Several classical and deep learning techniques have been proposed to perform operator approximation. Some classical techniques improve the efficiency of a single algorithm but cannot be generalized to other operations. Another common technique approximates a wide range of operations by applying the operator to a low resolution copy of an image, but the loss of high-frequency content limits the accuracy of the approximation.

Deep learning solutions enable the approximation of more general and complex operations. For example, the multiscale context aggregation network (CAN) presented by Q. Chen [1] can approximate multiscale tone mapping, photographic style transfer, nonlocal dehazing, and pencil drawing. Multiscale CAN trains on full-resolution images for greater accuracy in processing high-frequency details. After the network is trained, the network can bypass the conventional processing operation and process images directly.

This example explores how to train a multiscale CAN to approximate a bilateral image filtering operation, which reduces image noise while preserving edge sharpness. The example presents the complete training and inference workflow, which includes the process of creating a training datastore, selecting training options, training the network, and using the network to process test images.

The Operator Approximation Network

The multiscale CAN is trained to minimize the $l_{2}$ loss between the conventional output of an image processing operation and the network response after processing the input image using multiscale context aggregation. Multiscale context aggregation looks for information about each pixel from across the entire image, rather than limiting the search to a small neighborhood surrounding the pixel.

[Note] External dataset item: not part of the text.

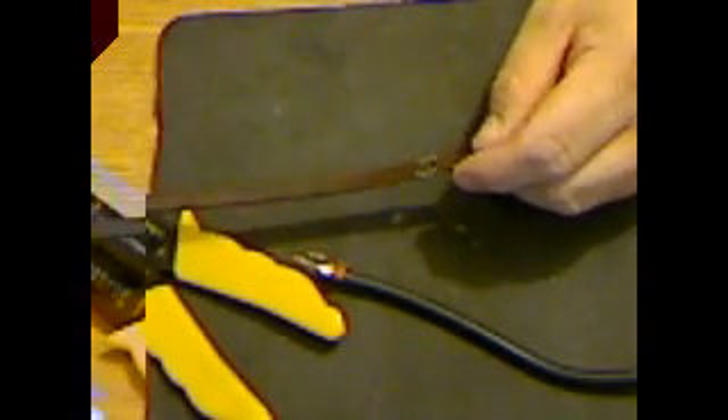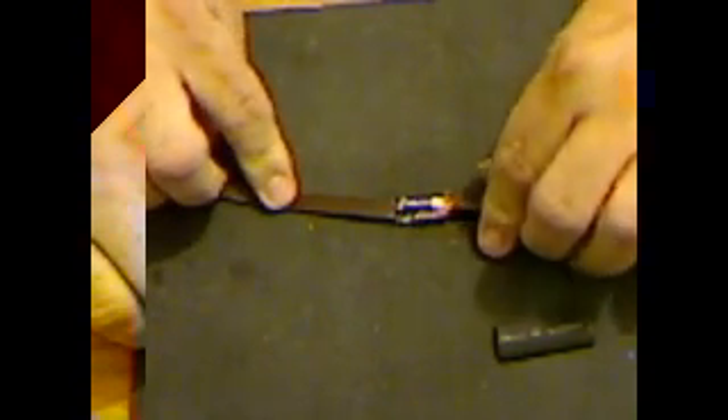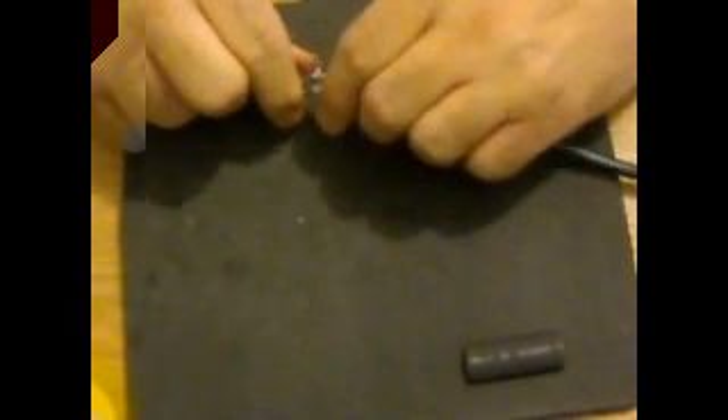As you can see I just pretty much burned that off. We're going to connect the center lead to the left-hand side. As you can see that's been soldered. I'm going to slip a piece of heat shrink tubing over it. Now let me do that. There we go. I'll go ahead and shrink it on down.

To help the network learn global image properties, the multiscale CAN architecture has a large receptive field. The first and last layers have the same size because the operator should not change the size of the image. Successive intermediate layers are dilated by exponentially increasing scale factors (hence the "multiscale" nature of the CAN). Dilation enables the network to look for spatially separated features at various spatial frequencies, without reducing the resolution of the image. After each convolution layer, the network uses adaptive normalization to balance the impact of batch normalization and the identity mapping on the approximated operator.

Download Training Data

Download the IAPR TC-12 Benchmark, which consists of 20,000 still natural images [2]. The data set includes photos of people, animals, cities, and more. The size of the data file is ~1.8 GB. If you do not want to download the training data set needed to train the network, then you can load the pretrained CAN by typing load("trainedBilateralFilterNet_v2.mat"); at the command line. Then, go directly to the Perform Bilateral Filtering Approximation Using Multiscale CAN section in this example.

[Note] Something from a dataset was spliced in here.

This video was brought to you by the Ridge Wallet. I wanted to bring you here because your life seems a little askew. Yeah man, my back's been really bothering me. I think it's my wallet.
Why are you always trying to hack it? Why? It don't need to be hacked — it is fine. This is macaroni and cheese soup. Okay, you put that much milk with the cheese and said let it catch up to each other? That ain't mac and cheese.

Use the helper function, downloadIAPRTC12Data, to download the data. This function is attached to the example as a supporting file. Specify dataDir as the desired location of the data.

dataDir = tempdir;
downloadIAPRTC12Data(dataDir);

Downloading IAPR TC-12 dataset...
This will take several minutes to download and unzip...
Done.

This example trains the network with small subset of the IAPRTC-12 Benchmark data.

trainImagesDir = fullfile(dataDir,"iaprtc12","images","39");
exts = [".jpg",".bmp",".png"];
pristineImages = imageDatastore(trainImagesDir,FileExtensions=exts);

List the number of training images.

numel(pristineImages.Files)

ans = 916

Prepare Training Data

To create a training data set, read in pristine images and write out images that have been bilateral filtered. The filtered images are stored on disk in the directory specified by preprocessDataDir.

preprocessDataDir = fullfile(trainImagesDir,"preprocessedDataset");

Use the helper function bilateralFilterDataset to preprocess the training data. This function is attached to the example as a supporting file. The helper function performs these operations for each pristine image in inputImages:

Calculate the degree of smoothing for bilateral filtering. Smoothing the filtered image reduces image noise.
Perform bilateral filtering using imbilatfilt.
Save the filtered image to disk using imwrite.

bilateralFilterDataset(pristineImages,preprocessDataDir);

Define Random Patch Extraction Datastore for Training

Use a random patch extraction datastore to feed the training data to the network. This datastore extracts random corresponding patches from two image datastores that contain the network inputs and desired network responses.

In this example, the network inputs are the pristine images in pristineImages. The desired network responses are the processed images after bilateral filtering. Create an image datastore called bilatFilteredImages from the collection of bilateral filtered image files.

bilatFilteredImages = imageDatastore(preprocessDataDir,FileExtensions=exts);

Create a randomPatchExtractionDatastore from the two image datastores. Specify a patch size of 256-by-256 pixels. Specify the PatchesPerImage name-value argument to extract one randomly-positioned patch from each pair of images during training. Specify a mini-batch size of one.

miniBatchSize = 1;
patchSize = [256 256];
dsTrain = randomPatchExtractionDatastore(pristineImages,bilatFilteredImages, ...
    patchSize,PatchesPerImage=1);
dsTrain.MiniBatchSize = miniBatchSize;

The randomPatchExtractionDatastore provides mini-batches of data to the network at each iteration of the epoch. Perform a read operation on the datastore to explore the data.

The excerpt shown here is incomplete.